"May they rot in hell," I spat onto the cold tile of a hospital corridor as the social worker guided me to the exit. I had just turned from the slam of a heavy door as it shut out the terrified screams of a desperate four-year old. My foster son, a child who had in the past year clung to me, not with love, but with an animal instinct seeking survival, had degenerated into ungovernable behavior resulting in the need for intervention. His terror at being left alone in this strange, institutional place pulled from me a rage borne of love, a fierce primal force determined to protect, and resulted in words, the likes of which I had never uttered before, words that have caused me guilt in the intervening years. I wanted to hunt down and destroy the people responsible for so profoundly wounding this innocent child who, as the years progressed, I realized would never fully recover. How could I as a follower of the loving Christ even think this thought, let alone, say it aloud? Didn't Jesus command me to love my enemies?
This memory resurfaced as I listened to a sermon by Fr. Justin Howard (http://www.idachurch.com/sermons/2018/1/31/128-revealing-the-god-who-pursues) on our God being a jealous God, a God who would jealousy defend me, relentlessly pursue me, and violently rescue me. Thinking of the ferocity that I felt those many years ago for a child that was not yet my legal child, let alone a child of my own flesh, I begin to understand the desire and pursuit of God for me. Where else could these "Mama Bear" passions come from if not from the God who placed His image in me?
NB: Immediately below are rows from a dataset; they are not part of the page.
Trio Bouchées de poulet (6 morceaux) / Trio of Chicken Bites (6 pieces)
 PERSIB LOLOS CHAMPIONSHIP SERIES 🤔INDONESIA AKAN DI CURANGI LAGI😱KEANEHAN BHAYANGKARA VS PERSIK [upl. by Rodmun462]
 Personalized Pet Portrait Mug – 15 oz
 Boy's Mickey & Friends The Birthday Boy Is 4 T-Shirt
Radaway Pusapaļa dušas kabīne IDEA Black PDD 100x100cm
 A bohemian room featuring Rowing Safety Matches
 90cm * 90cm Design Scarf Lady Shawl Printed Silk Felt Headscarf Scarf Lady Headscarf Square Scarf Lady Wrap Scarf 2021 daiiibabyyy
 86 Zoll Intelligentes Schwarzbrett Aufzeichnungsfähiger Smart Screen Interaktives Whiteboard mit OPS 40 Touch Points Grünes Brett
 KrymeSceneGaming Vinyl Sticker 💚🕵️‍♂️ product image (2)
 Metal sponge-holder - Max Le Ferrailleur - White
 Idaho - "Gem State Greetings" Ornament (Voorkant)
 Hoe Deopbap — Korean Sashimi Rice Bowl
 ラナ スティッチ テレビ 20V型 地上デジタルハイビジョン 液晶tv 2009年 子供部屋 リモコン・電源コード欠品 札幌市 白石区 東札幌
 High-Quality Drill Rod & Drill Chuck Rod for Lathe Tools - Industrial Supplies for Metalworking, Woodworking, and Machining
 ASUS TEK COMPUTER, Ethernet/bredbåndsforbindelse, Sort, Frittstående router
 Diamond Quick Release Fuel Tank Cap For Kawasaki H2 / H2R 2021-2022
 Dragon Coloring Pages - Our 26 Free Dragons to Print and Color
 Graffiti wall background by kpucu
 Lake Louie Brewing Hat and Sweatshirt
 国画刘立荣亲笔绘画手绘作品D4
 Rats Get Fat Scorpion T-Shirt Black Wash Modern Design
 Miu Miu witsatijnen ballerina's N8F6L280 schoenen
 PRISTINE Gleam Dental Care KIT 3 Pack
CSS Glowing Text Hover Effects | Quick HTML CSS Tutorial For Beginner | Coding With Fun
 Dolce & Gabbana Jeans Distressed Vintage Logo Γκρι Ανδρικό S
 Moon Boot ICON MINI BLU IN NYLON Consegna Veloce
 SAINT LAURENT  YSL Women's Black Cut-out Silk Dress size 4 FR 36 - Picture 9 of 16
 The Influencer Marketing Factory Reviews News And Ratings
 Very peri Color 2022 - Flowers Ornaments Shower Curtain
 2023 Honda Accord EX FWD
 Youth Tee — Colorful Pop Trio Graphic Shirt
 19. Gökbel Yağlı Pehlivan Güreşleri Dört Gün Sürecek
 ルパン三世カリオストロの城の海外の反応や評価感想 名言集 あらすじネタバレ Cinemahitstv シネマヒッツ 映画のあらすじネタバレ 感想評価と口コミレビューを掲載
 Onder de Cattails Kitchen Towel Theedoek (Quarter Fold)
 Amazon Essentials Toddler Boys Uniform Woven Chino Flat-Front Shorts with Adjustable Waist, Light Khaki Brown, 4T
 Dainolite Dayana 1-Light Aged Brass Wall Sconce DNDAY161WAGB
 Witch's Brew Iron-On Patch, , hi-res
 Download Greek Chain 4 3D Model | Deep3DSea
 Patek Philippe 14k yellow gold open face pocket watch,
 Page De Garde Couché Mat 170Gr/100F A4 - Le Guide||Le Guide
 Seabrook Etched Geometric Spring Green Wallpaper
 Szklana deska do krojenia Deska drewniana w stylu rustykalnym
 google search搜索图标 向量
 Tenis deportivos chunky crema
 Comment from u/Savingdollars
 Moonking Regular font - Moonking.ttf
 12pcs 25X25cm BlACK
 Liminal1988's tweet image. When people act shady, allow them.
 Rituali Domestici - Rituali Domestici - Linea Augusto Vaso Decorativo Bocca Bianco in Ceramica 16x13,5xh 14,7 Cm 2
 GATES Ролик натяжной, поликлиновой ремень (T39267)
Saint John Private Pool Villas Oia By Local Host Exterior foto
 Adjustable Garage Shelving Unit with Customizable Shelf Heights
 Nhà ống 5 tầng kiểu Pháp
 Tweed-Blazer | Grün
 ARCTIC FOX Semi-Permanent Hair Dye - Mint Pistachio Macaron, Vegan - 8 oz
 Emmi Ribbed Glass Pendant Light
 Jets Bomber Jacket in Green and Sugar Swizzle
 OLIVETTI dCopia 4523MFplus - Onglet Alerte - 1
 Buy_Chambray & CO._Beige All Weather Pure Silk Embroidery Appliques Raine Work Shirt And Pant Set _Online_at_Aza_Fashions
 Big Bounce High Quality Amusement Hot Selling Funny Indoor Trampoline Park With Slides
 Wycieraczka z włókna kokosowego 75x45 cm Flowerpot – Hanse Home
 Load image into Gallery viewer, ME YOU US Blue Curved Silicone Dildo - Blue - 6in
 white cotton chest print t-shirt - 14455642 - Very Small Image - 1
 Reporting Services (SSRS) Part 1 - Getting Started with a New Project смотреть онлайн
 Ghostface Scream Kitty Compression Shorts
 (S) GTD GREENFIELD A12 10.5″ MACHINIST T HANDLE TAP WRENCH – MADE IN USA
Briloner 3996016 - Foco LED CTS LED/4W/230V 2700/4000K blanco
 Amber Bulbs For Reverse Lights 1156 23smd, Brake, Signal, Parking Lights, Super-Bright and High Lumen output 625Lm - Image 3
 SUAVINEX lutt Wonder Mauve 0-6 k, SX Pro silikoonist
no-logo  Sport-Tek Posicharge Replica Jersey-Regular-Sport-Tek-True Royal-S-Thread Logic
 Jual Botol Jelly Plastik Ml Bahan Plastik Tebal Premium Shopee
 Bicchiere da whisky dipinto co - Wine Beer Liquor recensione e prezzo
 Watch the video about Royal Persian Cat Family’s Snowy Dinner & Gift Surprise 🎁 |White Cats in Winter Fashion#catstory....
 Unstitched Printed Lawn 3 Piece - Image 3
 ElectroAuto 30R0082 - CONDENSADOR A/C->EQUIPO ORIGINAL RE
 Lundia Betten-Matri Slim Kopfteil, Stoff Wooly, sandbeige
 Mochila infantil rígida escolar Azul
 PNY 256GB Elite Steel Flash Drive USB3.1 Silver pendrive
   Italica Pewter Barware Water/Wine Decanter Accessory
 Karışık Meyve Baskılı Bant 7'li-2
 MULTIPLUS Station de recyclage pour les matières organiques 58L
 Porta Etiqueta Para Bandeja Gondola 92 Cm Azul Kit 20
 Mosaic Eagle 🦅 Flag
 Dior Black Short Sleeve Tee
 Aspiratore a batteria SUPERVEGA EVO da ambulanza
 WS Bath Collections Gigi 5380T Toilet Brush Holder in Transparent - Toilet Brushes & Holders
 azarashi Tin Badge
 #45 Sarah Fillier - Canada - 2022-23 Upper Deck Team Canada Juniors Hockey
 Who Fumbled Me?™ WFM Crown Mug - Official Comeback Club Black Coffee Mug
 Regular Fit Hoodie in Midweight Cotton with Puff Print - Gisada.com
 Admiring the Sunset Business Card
If I could love so deeply and fight so passionately for my children, must not God be outrageously committed to me? Is the passion of God not seen even in the Christ who would unleash havoc in the Temple court of the Gentiles in response to religious leaders fouling the only part of the Temple that the nations could access? What else but his passionate, jealous love could bring him to the most violent act of history, the cross? So is there violent passion in the love of God? I think in some way, the answer has to be yes, not a violence that is retaliatory, vengeful, or political, but a "violent" passion that will do anything to love. This, too, is a mystery.
How I need to burrow into this, to let it seep deep inside me. If I indeed truly believe this, what fears could possibly overwhelm me? How could I not have utter confidence that all will be well, that my end is secure, that my life is deemed precious, even a treasure to the Divine One? Thanks be to God.